Are you wondering if you can eat raw pizza dough? Look, I get it. If you’ve just made a delicious-looking pizza and you’re desperate to try it, it can be tempting to just pull it out of the oven before it’s fully cooked.
Most people assume that eating raw dough isn’t a big deal, and I’ve even known people in the past who have tasted raw pizza dough before rolling it into a pizza base to make sure the flavor is balanced.
But believe me when I say – this is NOT a good idea! This post will breakdown why that is for you, so you remain that little more patient before tasting your next pizza creation!
Answer: No, it is not a good idea, between bacteria and germs, you could find yourself getting very sick if you eat raw pizza dough.
Pizza Dough Is A Raw Product
The clue is sort of in the post’s title, right? But so many people don’t connect those dots with pizza dough. Imagine if the title of my post was ‘Can you eat raw chicken?’ – everybody would know the answer to that without having to read on. But for some reason pizza dough just isn’t treated with the same caution.
I’m not here to scaremonger, but raw pizza dough can actually be dangerous to your health and make you sick pretty fast if you’re not careful. Flour, a key ingredient in pizza dough, is a raw ingredient.
This means that it hasn’t been heated at any point in its development to kill bacteria. E. Coli and other harmful bacteria can thrive in flour packets, and the only way to kill them is with heat. If you don’t cook your pizza dough, then the flour inside it can cause food poisoning, and that’s something you definitely want to avoid!
Another concern is raw eggs, which again, we use in pizza dough. Raw eggs can carry Salmonella, another good friend of food poisoning, and without cooking it thoroughly, you run the risk of this bacteria sticking around in your pizza dough and making you and your guests sick quickly.
CDC Warnings On Raw Dough
Now, if my warning wasn’t enough for you, then maybe the ‘Centers for Disease Control and Prevention’ warning will cut it. The CDC has posted online about this very topic under their ‘Basic Food Safety’ tips.
Basic, that means that everybody should know that eating raw dough is potentially very harmful and therefore avoid it altogether. Read more on the CDC’s guidance with eating raw dough here.
When I started writing this post, I said that most people assume raw pizza dough is fine to eat, but the CDC makes it very plain that this should be avoided at all costs.
Even a small taste can be enough to make you sick, so don’t be tempted by the pizza dough before it’s thoroughly cooked. You should also be careful with little ones whilst making homemade pizza, as food poisoning for them will not be pleasant at all.
Remind them that pizza dough shouldn’t be eaten before it is properly cooked, and keep an eye on them to make sure they don’t sneak a taste when you’re not looking.
How Do You Know When Your Pizza Dough Is Ready?
We all know what a cooked pizza looks like, but a pizza that looked cooked has caught me out a few times myself, and when I came to slice it up – the dough was raw but the toppings weren’t – so what exactly should you be looking for to make sure the pizza dough is fully cooked too?
The first thing to do is just eyeball it. I’m guilty of it myself, so I’m not preaching here, but most people will look in the oven, see melted cheese and bubbling sauce, and then think they’re good to go. Whilst you want to see all those things too, of course, you should also focus on the base of your pizza dough. If you can’t see it from inside the oven, then pull it out and look underneath it.

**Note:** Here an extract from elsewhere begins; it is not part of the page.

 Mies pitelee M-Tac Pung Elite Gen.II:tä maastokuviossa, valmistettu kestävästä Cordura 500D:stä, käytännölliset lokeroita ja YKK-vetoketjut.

You should see a golden-brown, crispy base. If you’re unsure, then leave it in for 2 or 3 minutes more. Pizza dough typically cooks in the final stages of baking, so don’t worry about your toppings. They shouldn’t burn whilst you wait for your pizza dough to catch up!

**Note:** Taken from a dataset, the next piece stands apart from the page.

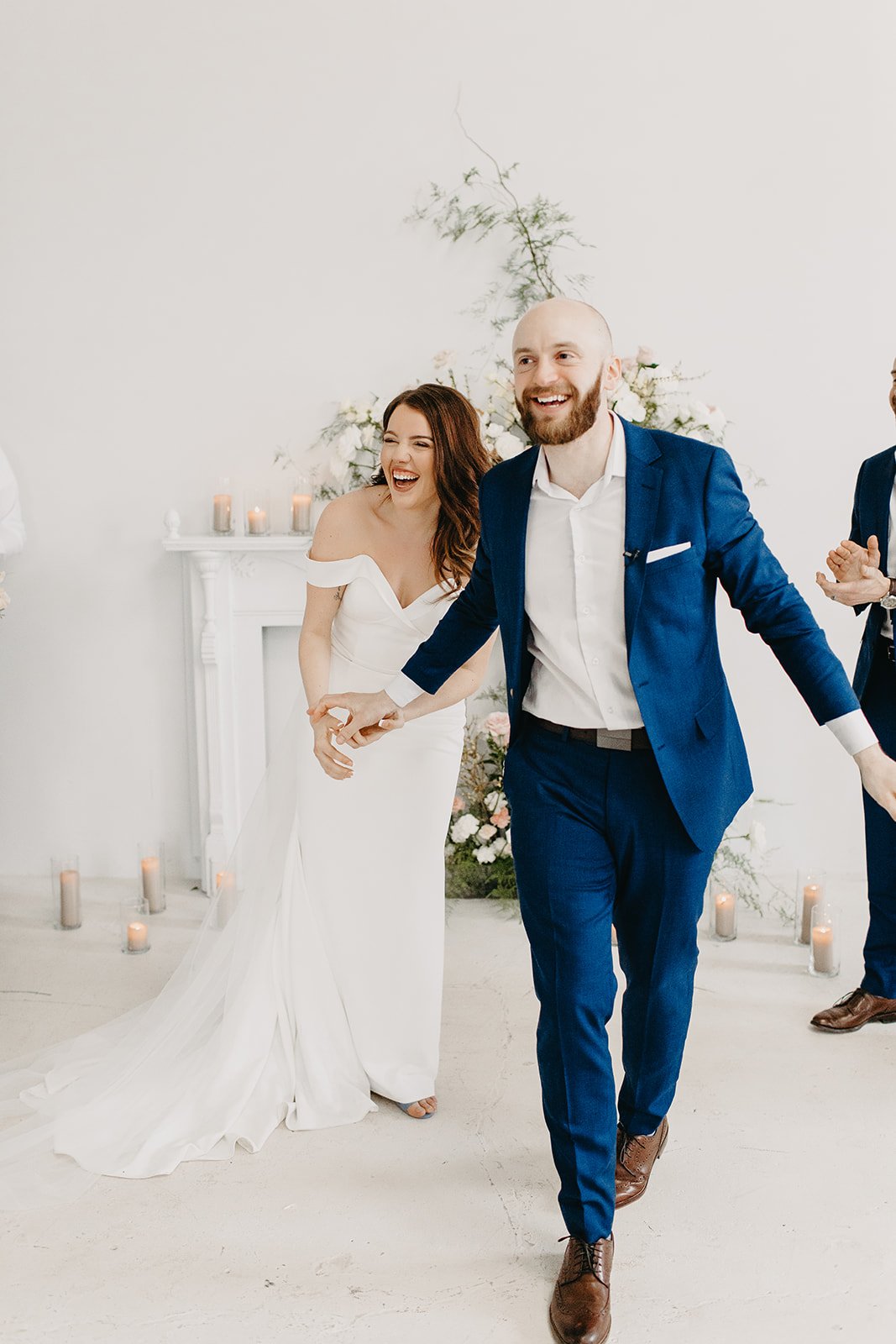 A bride and groom smiling and holding hands during their wedding ceremony, with candles and floral decorations in the background.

The last point I want to make is that if you’re really cautious, you can pre-bake your pizza dough for a short while first to make sure that it’s thoroughly cooked when you come to eat it.

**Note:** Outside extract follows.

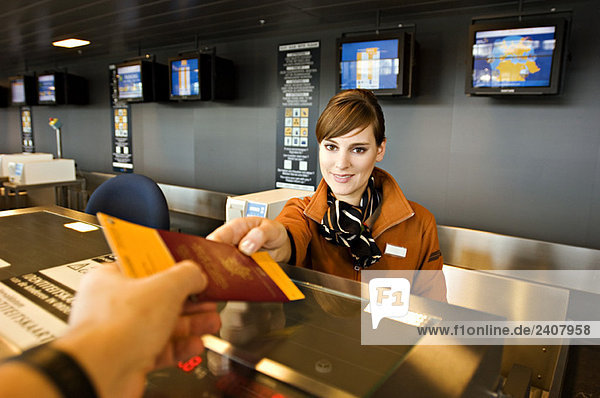 Flugbegleiterin  die einem Fluggast einen Reisepass und eine Bordkarte gibt.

This isn’t strictly necessary, but I can understand why people would be tempted to do so, and it does make for a delicious crispy base. Pre-bake for around 5 minutes if you’re using a hot pizza stone before adding your sauce, cheese, and toppings. If you’re using a pizza oven though, this won’t be necessary as the high temperature will cook your pizza dough in a matter of minutes, and kill any bacteria to boot!